Orthopädie und Unfallchirurgie waren zum Gründungszeitpunkt als eigenständige Kliniken organisiert. Der Zusammenschluss zum gemeinsamen Universitätscentrum für Orthopädie und Unfallchirurgie (OUC) erfolgte im Sommer 2013 als gemeinschaftlich getragenes Projekt der damaligen Direktoren beider Kliniken, Professor Dr. Klaus-Peter Günther (Orthopädie) und Professor Dr. Hans Zwipp (Unfall- und Wiederherstellungschirurgie). Als Nachfolger von Prof. Zwipp wurde 2015 Prof. Dr. Klaus-Dieter Schaser auf den Lehrstuhl für Unfallchirurgie berufen; er fungiert als Ärztlicher Direktor des OUC und leitet dieses gemeinsam mit Prof. Günther, der weiterhin den Lehrstuhl für Orthopädie innehat und als Geschäftsführender Direktor des Zentrums fungiert. Im Jahr 2020 wurde das OUC mit der Aufnahme von Prof. Dr. Adrian Dragu als Plastischem und Handchirurgen und drittem Direktor nochmals erweitert und heißt seitdem Universitätscentrum für Orthopädie, Unfall- und Plastische Chirurgie (OUPC). Mit seinen zertifizierten Zentren (überregionales Trauma- und Endoprothetikzentrum der Maximalversorgung, Level-I-Wirbelsäulenzentrum, Zentrum für Fuß- und Sprungelenkchirurgie), der Abteilung für Plastische und Handchirurgie, sowie zusätzlich mehreren Sektionen und Bereichen (Obere Extremität, Hüfte, Knie, Tumororthopädie, Septische Chirurgie, Kinderorthopädie, Alterstraumatologie und -orthopädie, Sportmedizin) deckt es das komplette Spektrum der Maximalversorgung mit einem sehr großen Einzugsbereich ab.

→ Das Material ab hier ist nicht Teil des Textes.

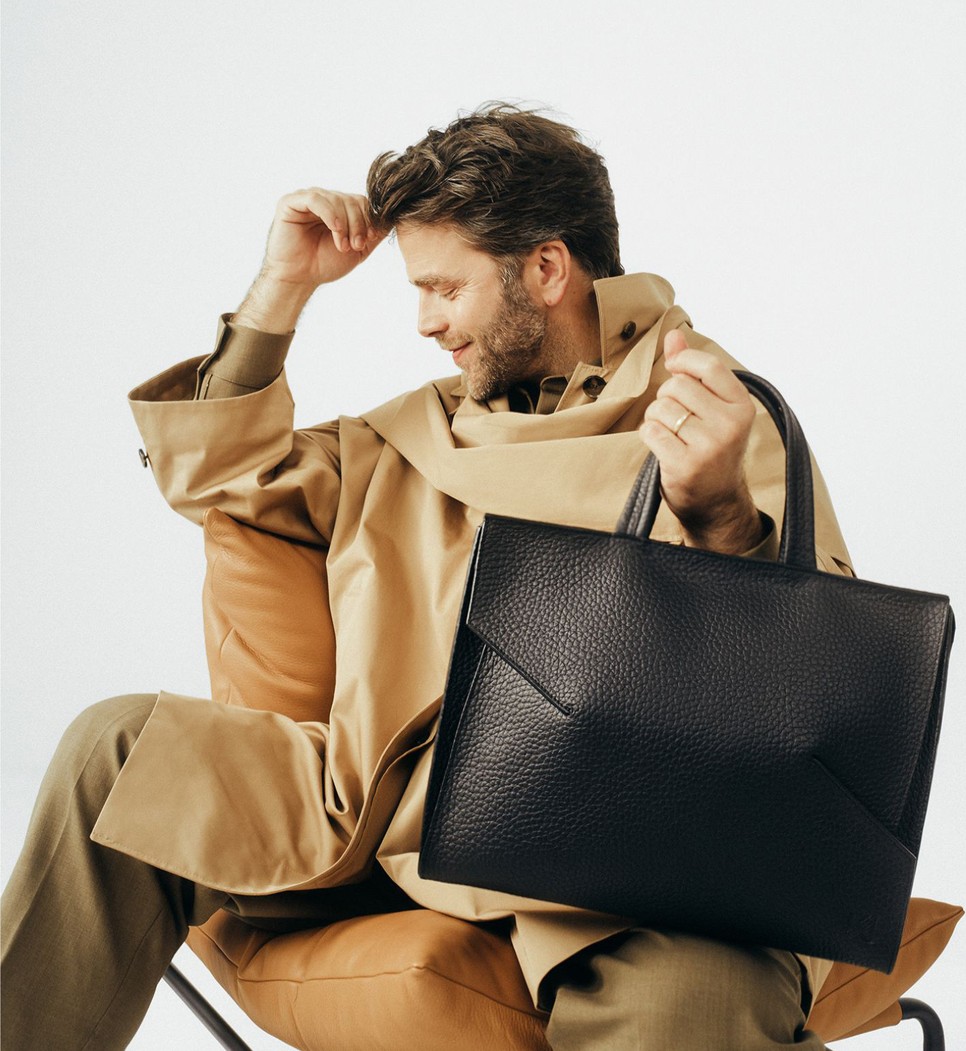 Hlatky-Schlichter Hubert az AGNESKOVACS magyar márka kampányfotóján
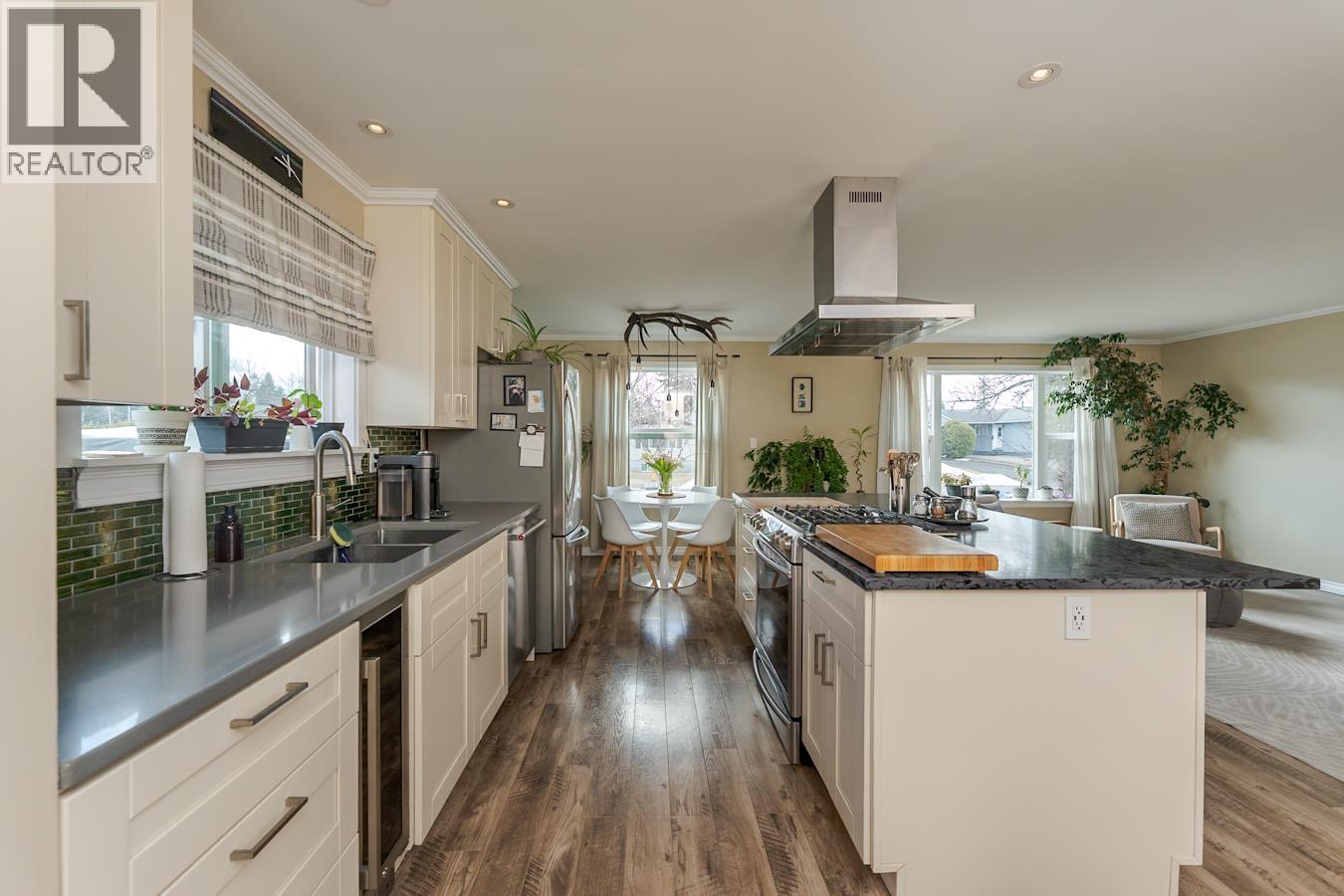 6610 ESSEX CRESCENT - 9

Bereits deutlich vor dem Zusammengehen der beiden ehemaligen Kliniken war der Wunsch entstanden, die experimentellen Forschungsabteilungen von Orthopädie und Unfallchirurgie durch Fusionierung zu stärken und so ihre Leistungsfähigkeit und Sichtbarkeit zu vergrößern. Als dritter Partner konnte die Klinik und Poliklinik für Mund-, Kiefer- und Gesichtschirurgie (MKG) des UKD unter ihrem damaligem Direktor Prof. Dr. Dr. Uwe Eckelt gewonnen werden – eine in dieser Konstellation wohl einmalige Initiative in Deutschland. Gemeinsam wurde Ende 2010 das Zentrum für Translationale Knochen-, Gelenk- und Weichgewebeforschung aus der Taufe gehoben, zu dessen Leiter Prof. Dr. Michael Gelinsky auf eine zu diesem Zweck neu geschaffene und von den drei Kliniken getragene W2-Professur berufen wurde. Prof. Gelinsky, ein Biomaterial- und Tissue Engineering-Experte, hatte schon vorher mit den Trägerkliniken auf dem Gebiet der Knochenregeneration zusammengearbeitet, unter anderem im Rahmen einer von der DFG finanzierten Forschergruppe (FOR 308).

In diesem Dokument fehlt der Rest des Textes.